The U.S. justice system is set up so that when it works, it really works. But when there are failings or, even worse, corruption, innocent people pay a horrific, non-refundable price that can sometimes result in death. Even when wrongly convicted people are eventually released, the psychological toll of being locked up for something you didn’t do for years on end is immense. One of the most striking sequences in The Innocent Man shows how one wrongly convicted man’s undiagnosed mental illness declined exponentially once locked up, and side-by-side images of the man just a couple years before being put in prison versus afterwards are absolutely heartbreaking; he quite literally began deteriorating.
While there is a considerable amount of time and investigative work done to prove the innocence of those who are the subjects of this docuseries, The Innoncent Man is not a show concerned with throwing out conspiracy theories just for the heck of it. The show wisely sidesteps making the same mistakes that put its very subjects in prison, and stops short of laying the blame for these crimes on specific individuals without substantial evidence. It does offer some possibilities, but I will warn you that at least one of the mysteries remains somewhat unsolved by the show’s end. So if you’re looking for something with the closure of a Law & Order episode, The Innocent Man proves that real life is far more complicated.
But that’s also what makes this one of the best true crime shows in recent memory. The Innocent Man isn’t concerned with solving a mystery for mystery’s sake. The heart of the series is the story of these individuals who have been locked up for something they didn’t do, as it forces viewers to see the real, human cost of rushing to judgment. It avoids being preachy about issues concerning the death penalty or criminal justice reform, and the entire ordeal is fleshed out by interviews with residents of Ada, with their varying—and sometimes surprising—views on criminal justice. Indeed, The Innocent Man does a terrific job of zeroing in on the town of Ada itself, coloring the setting so that when it starts to dig into the issues involving the police department and authorities, you understand the power dynamics that are at play.
Humans are imperfect by nature, so we must create laws and punish those who break them.

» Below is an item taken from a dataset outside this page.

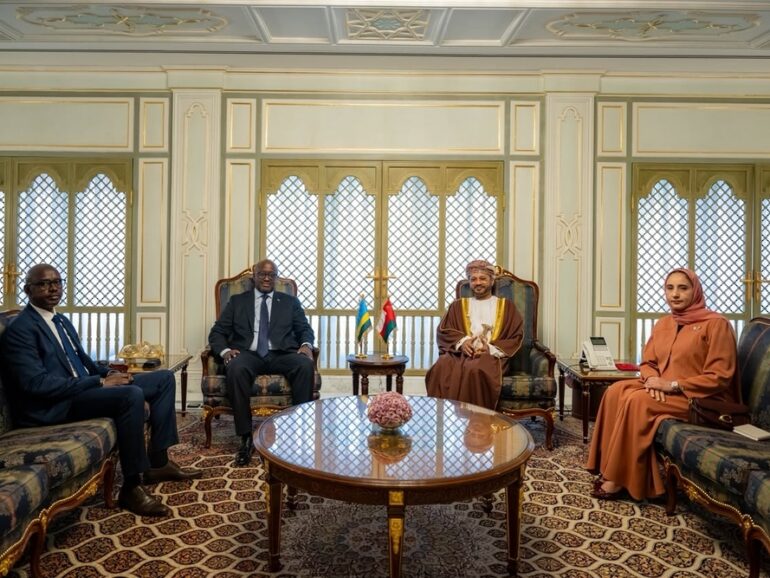 Oman, Rwanda discuss strengthening economic and diplomatic ties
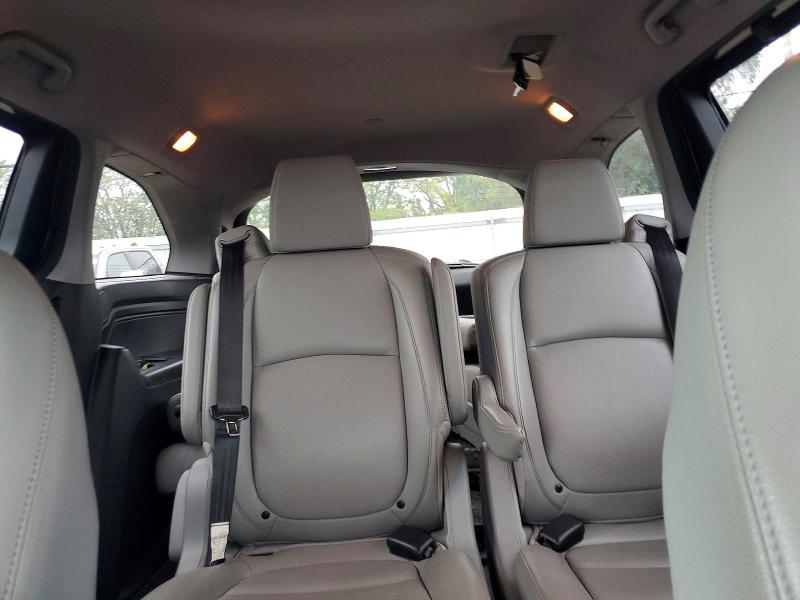 Продаж на аукціоні авто 2018 Honda Odyssey, vin: 5FNRL6H70JB073102, номер лоту: 69081386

But what safeguards are in place to ensure that those punished are actually the ones committing the crimes, and how do we prevent those in power from abusing said power to shuffle the criminal justice system to their liking? These are uneasy questions with uneasy answers, but that The Innoncent Man takes its time in tackling them with tact and thoughtfulness makes it stand apart from the glut of true crime series that have come our way. Yes, it delivers on a visceral level by telling an engrossing story about true and terrible crimes, but it goes above and beyond to take a step back and consider the larger implications of the cases at hand. All of this makes The Innocent Man a must-watch not just for true crime aficionados, but for everyone who calls America home.
The Innocent Man is now streaming on Netflix.